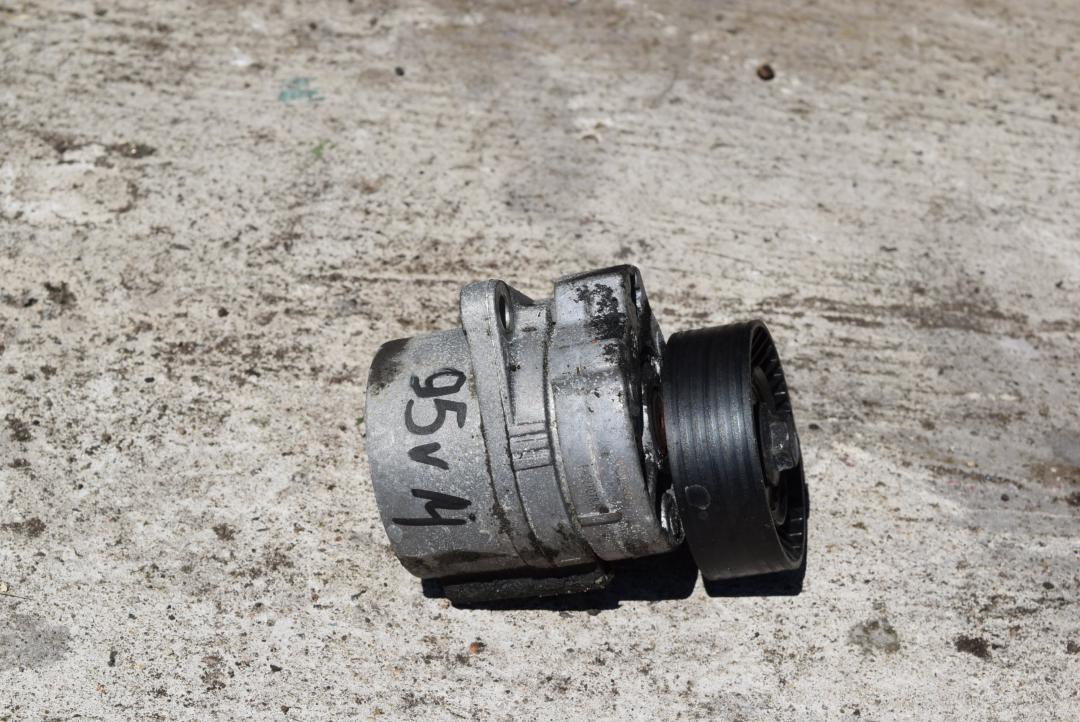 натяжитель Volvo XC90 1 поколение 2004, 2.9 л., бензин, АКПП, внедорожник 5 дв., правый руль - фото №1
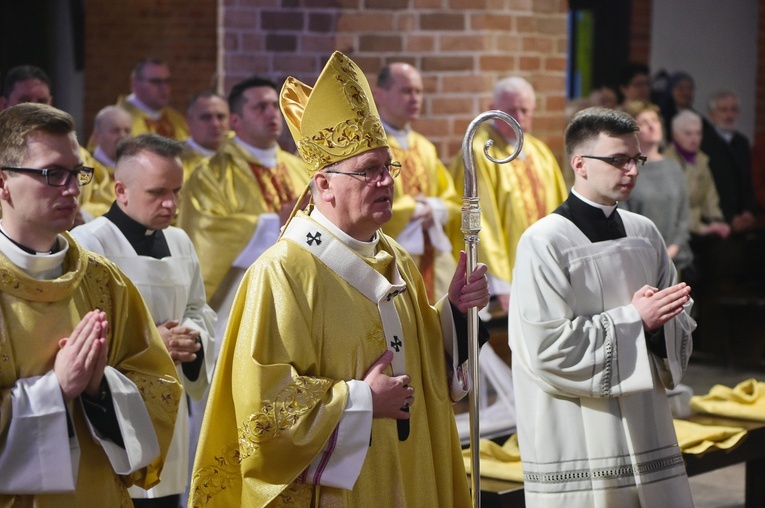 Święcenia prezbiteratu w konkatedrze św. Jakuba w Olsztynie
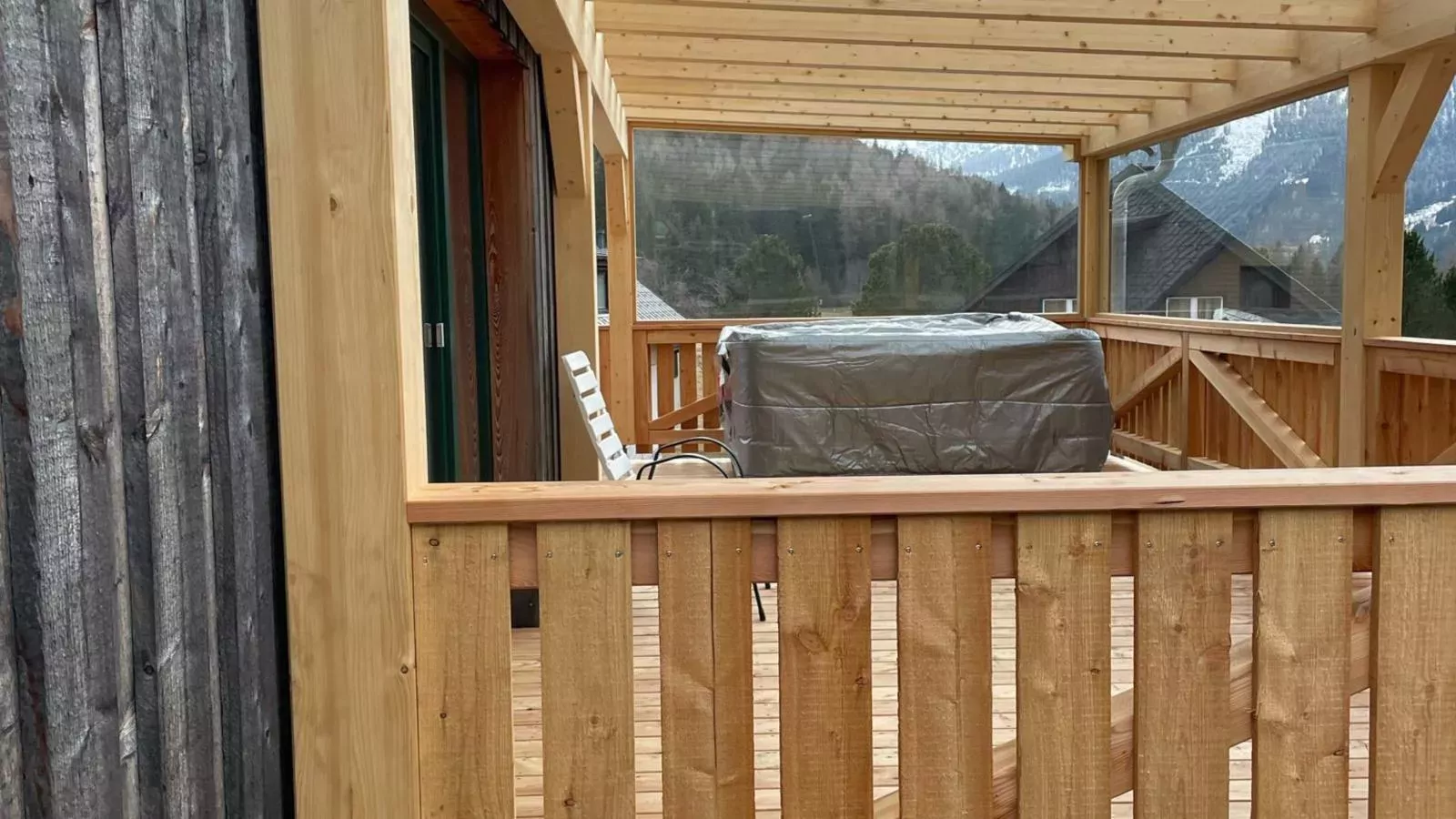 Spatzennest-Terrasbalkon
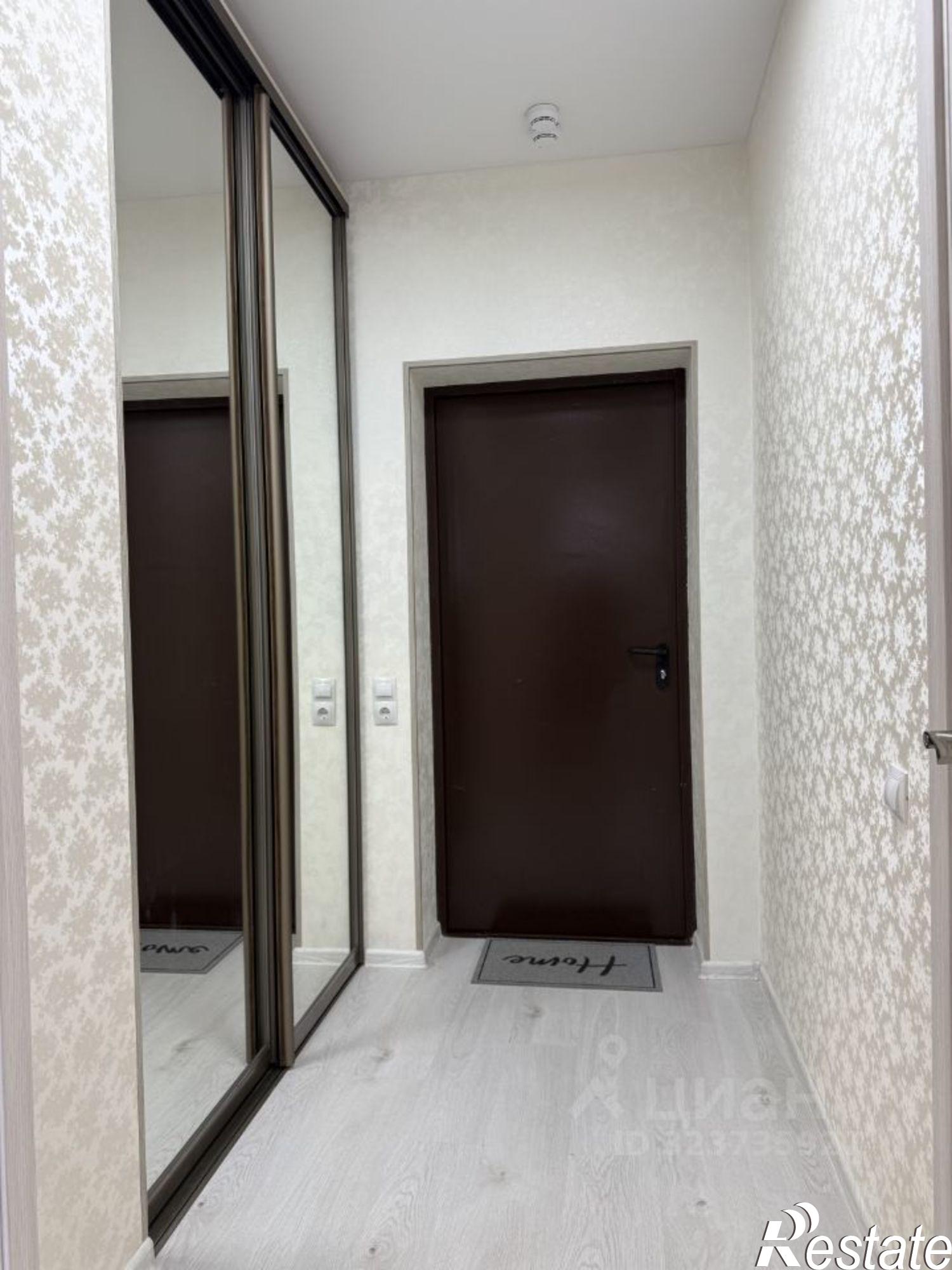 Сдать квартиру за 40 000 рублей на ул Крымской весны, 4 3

**TASK:** Give back the material above exactly as written, but omit the images.

**RESULT BELOW:**
 натяжитель Volvo XC90 1 поколение 2004, 2.9 л., бензин, АКПП, внедорожник 5 дв., правый руль - фото №1
 Święcenia prezbiteratu w konkatedrze św. Jakuba w Olsztynie
 Spatzennest-Terrasbalkon
 Сдать квартиру за 40 000 рублей на ул Крымской весны, 4 3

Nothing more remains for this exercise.